Iteration Layer

Posted on May 30 • Edited on Jun 8 • Originally published at iterationlayer.com

How Our Document Ingestion Pipeline Turns Files into LLM-Ready Markdown

#api #programming

The Hard Part Is Not Calling the Model

Most document automation projects fail before the first extraction prompt runs.

The invoice is a scanned PDF. The contract is a DOCX with images pasted into the appendix. The email has a PDF attachment and an inline HTML body. The spreadsheet has four tabs, merged headers, and values formatted as currency. The website looks fine in a browser but ships half of its content through JavaScript.

If your pipeline assumes "file in, text out," all of that becomes glue code. You add a PDF parser. Then OCR. Then an HTML cleaner. Then a spreadsheet reader. Then a special case for images. Then a special case for emails. Then a retry path because one vendor returns empty text for scanned documents and another returns malformed table output.

The LLM is usually not the bottleneck. The bottleneck is getting the source material into a representation the LLM can read reliably, which is why document parsing quality matters before extraction prompts, RAG chunking, or agent workflows begin.

That is why Iteration Layer treats ingestion as a first-class part of the product. Document to Markdown, Document Extraction, and Website Extraction all share the same ingestion layer. The APIs look different from the outside, but the inner path is intentionally boring: resolve the input, parse the file, count the billable pages, convert the content into markdown, enrich visual content where needed, then pass that normalized representation to the next step.

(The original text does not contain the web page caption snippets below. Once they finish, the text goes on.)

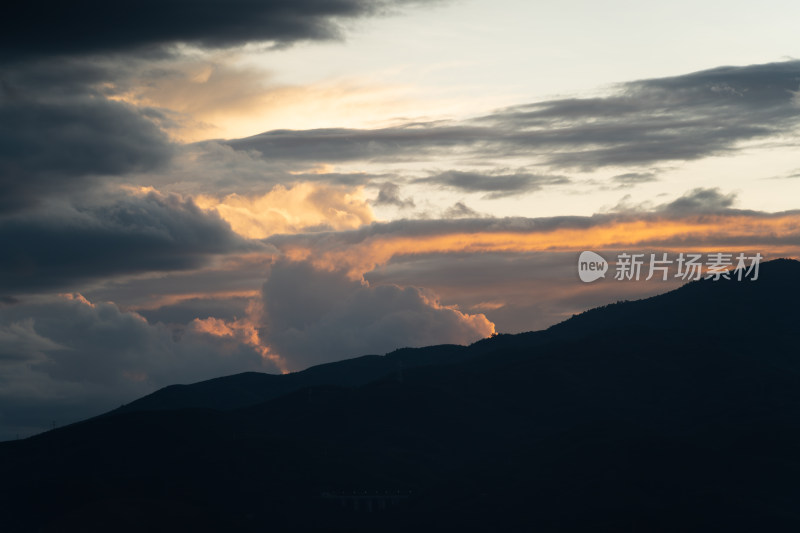 夕阳西下的天空云彩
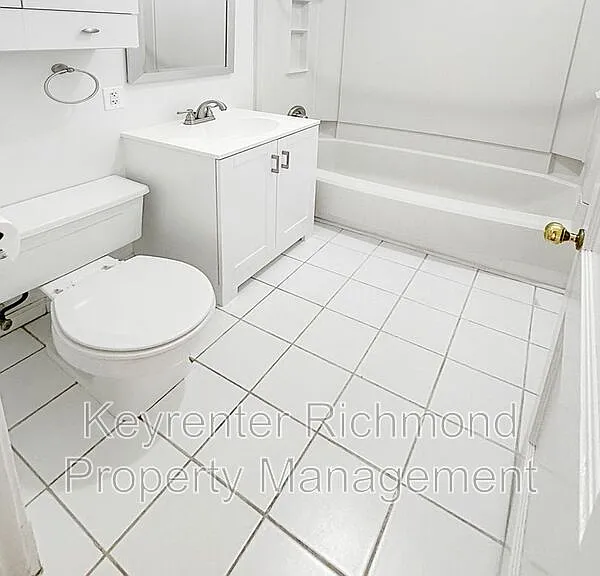 210 N Stafford Ave #27 — Photo 3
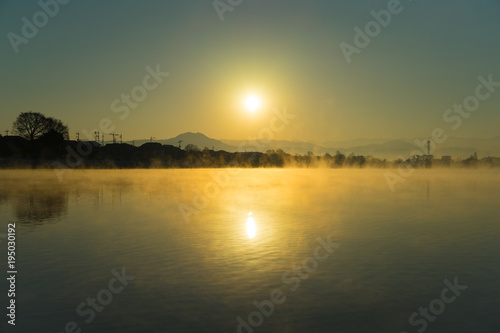 早朝の湖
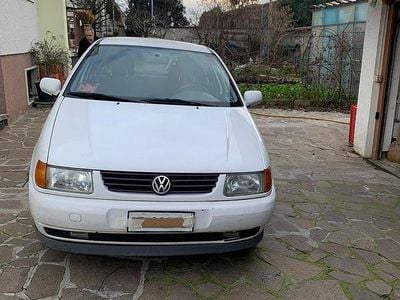 Usado VW Polo 55 CV (40 kW) 1995 Blanco Berlina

This post explains how that pipeline works and why we use markdown as the boundary between messy file formats and LLM-friendly workflows.

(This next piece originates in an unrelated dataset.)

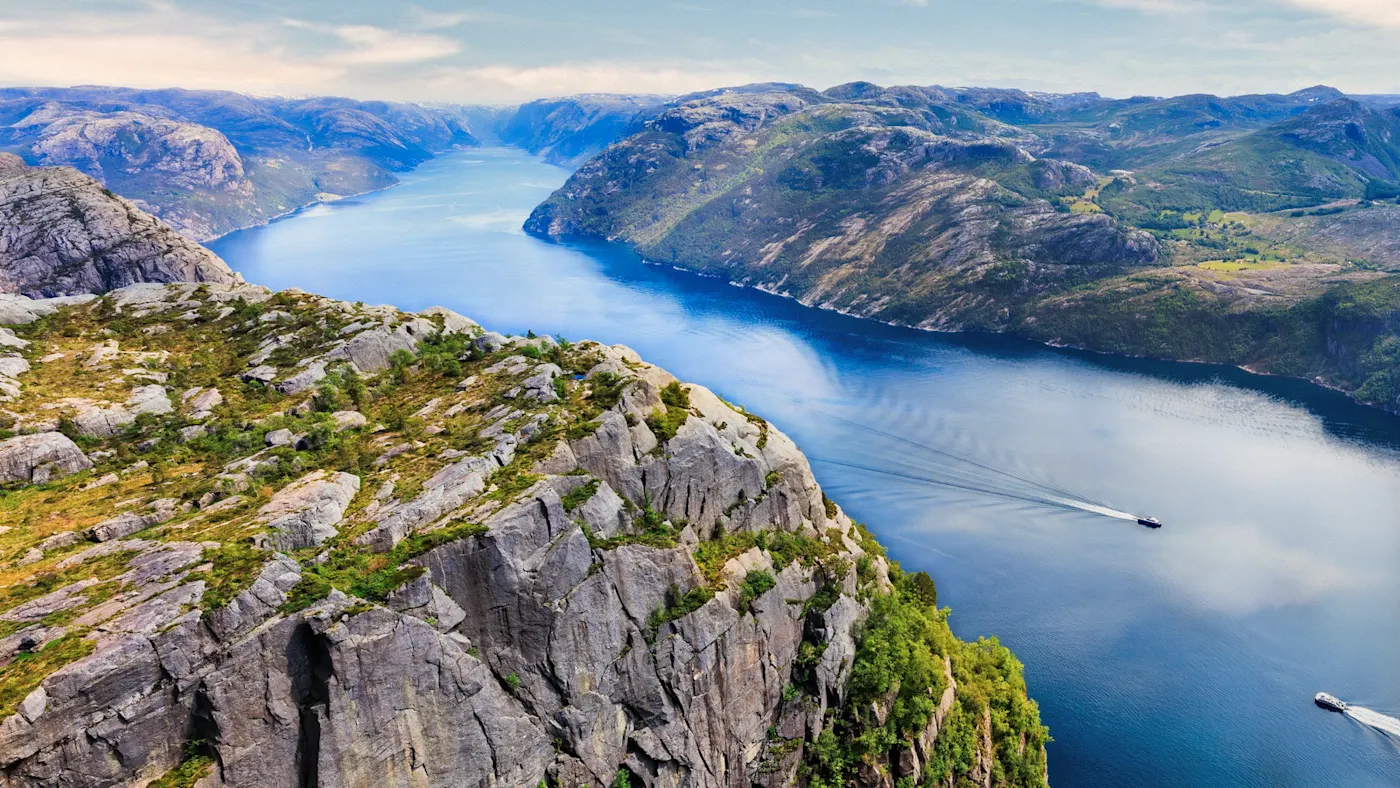 Norwegen, Rogaland, Lysefjord Das Panorama mit den Kanzelfelsen und Lysefjord, Rogaland, Norwegen.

Why Markdown Is the Boundary

Every ingestion pipeline needs an intermediate representation. You can use plain text, HTML, JSON, layout coordinates, screenshots, or a custom tree format. Each choice optimizes for something.

Plain text is simple but throws away structure. Tables collapse. Lists lose hierarchy. Headings become indistinguishable from body paragraphs. A RAG pipeline built on plain text often chunks the right words in the wrong context.

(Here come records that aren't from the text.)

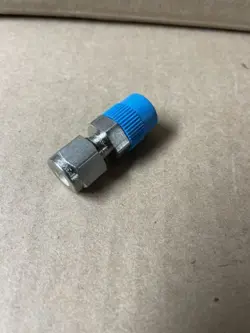 SWAGELOK SS-400-1-4 STAINLESS STEEL 1/4” TUBE X 1/4” NPT MALE FITTING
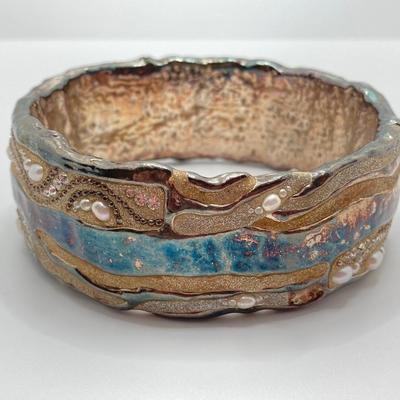 LOT 53: Vintage Artisan Signed O.S. Sterling Silver Druzy / CZ's, Freshwater Pearl Bangle Bracelet - TW 50.5g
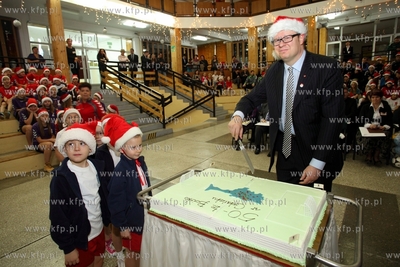 Otwarcie dwoch boisk oraz placu zabaw w Zespole Ksztalcenia...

HTML preserves structure but carries too much noise. Real HTML is full of navigation, scripts, styling hooks, cookie banners, tracking fragments, and layout wrappers. It is a web rendering format, not a clean document format.

Layout coordinates preserve the page, but they are painful downstream. Every consumer now has to understand bounding boxes, reading order, columns, rotations, and table geometry. That can be useful for audit views. It is not what you want as the primary input to an LLM.

Markdown sits in the middle:

It keeps hierarchy. Headings, lists, block quotes, and tables survive as text.
It is natural for LLMs. Models already understand markdown conventions without a schema explanation.
It is easy to inspect. Developers can diff it, store it, log it, chunk it, and send it to another API.
It composes across formats. A PDF page, a spreadsheet sheet, an email attachment, and an HTML document can all become the same kind of object.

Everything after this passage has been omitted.